## TO DO
Write out, without any change, the lines in the material below that run from the line with "Brno - panorama. Fot. Grzegorz Micuła" through the line with "Item preview, Simple", both included.

## THE INPUT
__________
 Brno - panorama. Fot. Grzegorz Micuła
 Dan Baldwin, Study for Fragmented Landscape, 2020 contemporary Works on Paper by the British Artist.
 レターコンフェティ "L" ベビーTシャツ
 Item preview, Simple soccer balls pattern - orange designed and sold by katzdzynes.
__________
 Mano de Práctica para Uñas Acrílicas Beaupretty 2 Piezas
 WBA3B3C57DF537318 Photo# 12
__________
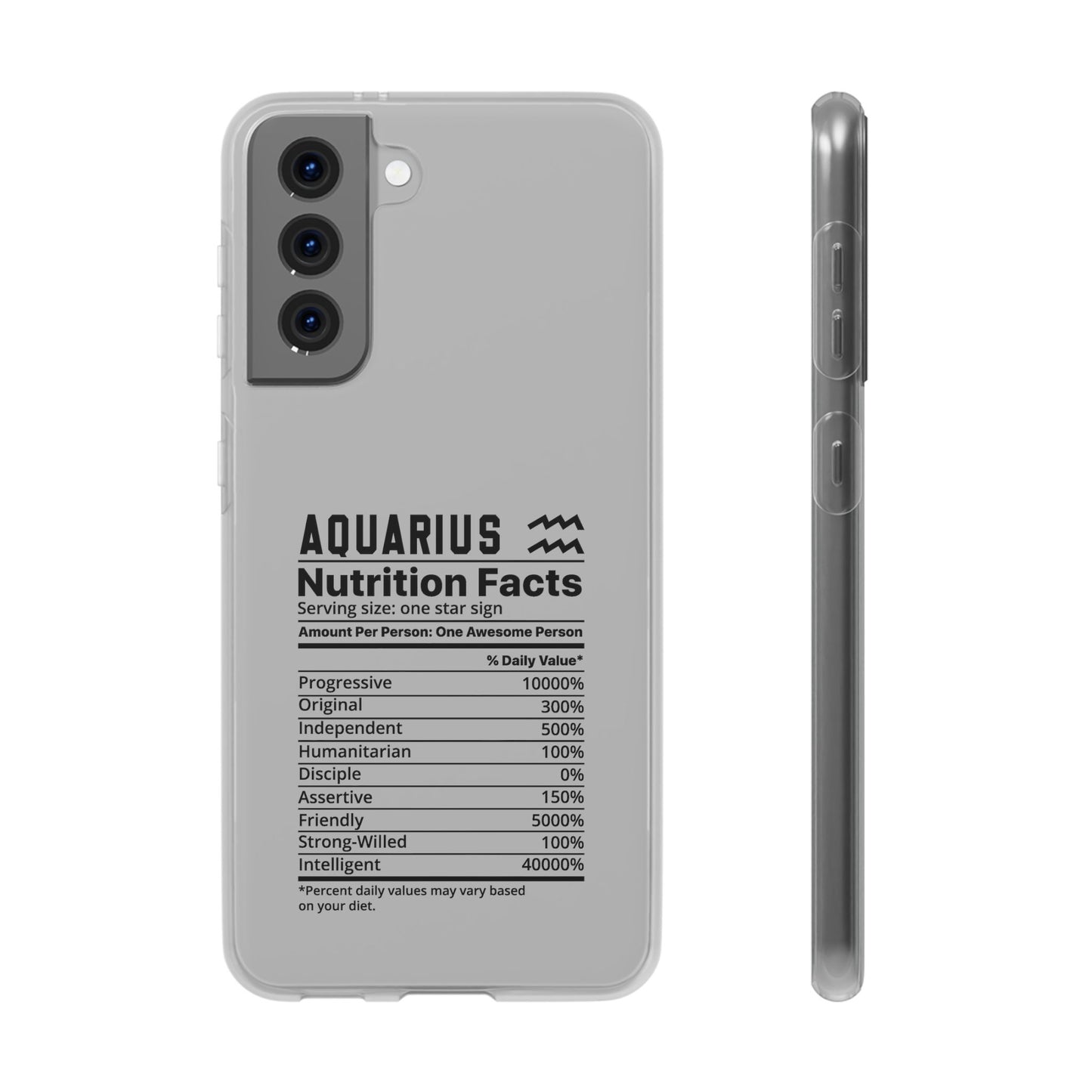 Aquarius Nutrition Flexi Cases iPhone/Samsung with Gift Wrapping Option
__________
## EXERCISE RESULT
 Brno - panorama. Fot. Grzegorz Micuła
 Dan Baldwin, Study for Fragmented Landscape, 2020 contemporary Works on Paper by the British Artist.
 レターコンフェティ "L" ベビーTシャツ
 Item preview, Simple soccer balls pattern - orange designed and sold by katzdzynes.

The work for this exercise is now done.